The
GateProcess
class is a reduce-heavy component that carries out all of USFD\'s
linguistic analysis for Workpackages 3 and 4.
The class has one internal class: the
GateReducer
.
Its reduce method uses an instance of USFD\'s OfflineProcessing tool to
carry out linguistic and related analysis.
At the beginning of each reduce call, the GATE offline analysis
component creates a new, empty GATE corpus.

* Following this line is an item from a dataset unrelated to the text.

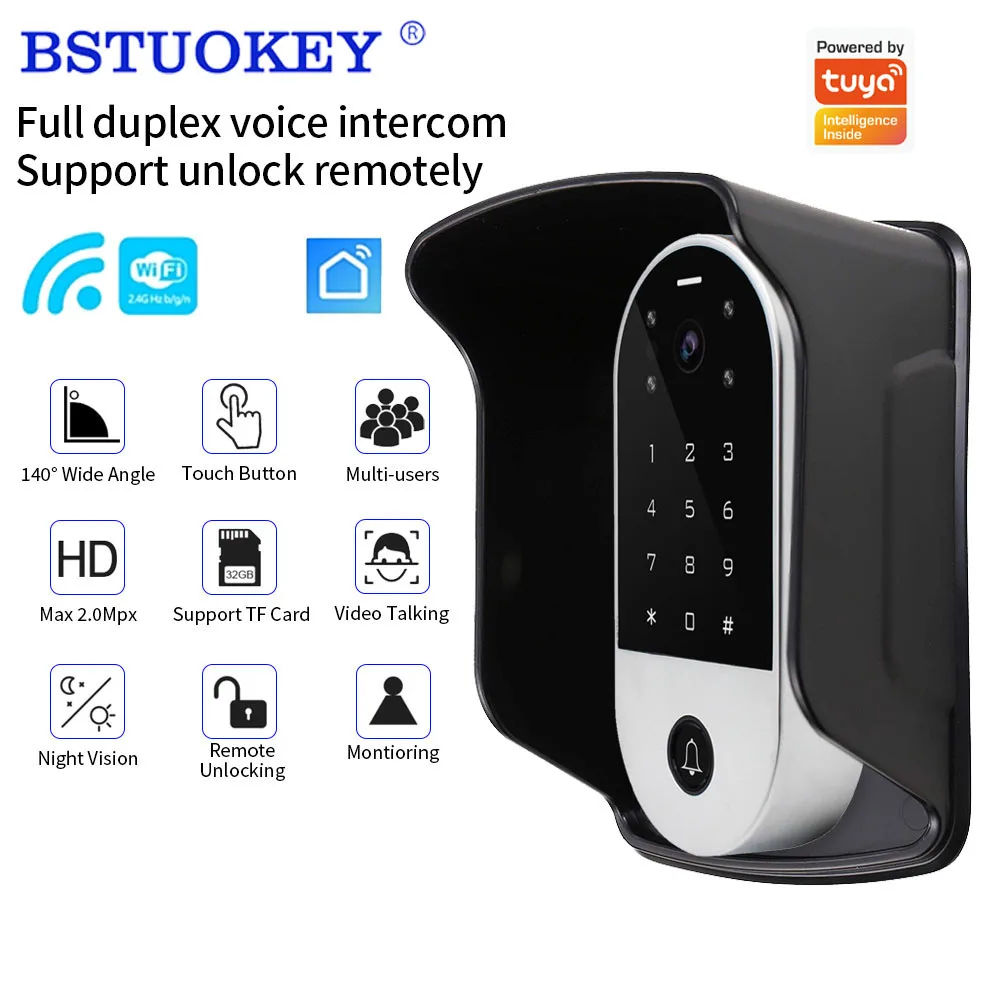 Wifi Support tuya app Video Door Phone RFID Card Keypad 1080P Home Outdoor Doorbell Camera Wifi Viedo Intercom Access Control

Each
ResultResourceWrapper in the value list is turned into a GATE document
using its content and the mime type recorded in HBase, its key as a
URI (which becomes the WebResource URI in the generated RDF), and
encoding (determined with the com.ibm.icu.text.CharsetDetector
).
The HTTP headers and status code are also passed to the GATE
component.
The offline analysis component then runs four GATE applications
(TermRaider with Named Entity Recognition; event detection; opinion
detection; and analysis for YIS) over the corpus and collects the
results, which are returned to the reduce method and then stored as
follows:
termbanks are converted to sets of RDF triples, which are uploaded
to the TripleStoreConnector;
named entities, events, and opinions are also expressed as RDF
triples, which are uploaded to the TripleStoreConnector;
an XML representation of a basic linguistic analysis of each
documents, which is stored in HBase to help YIS with topic detection.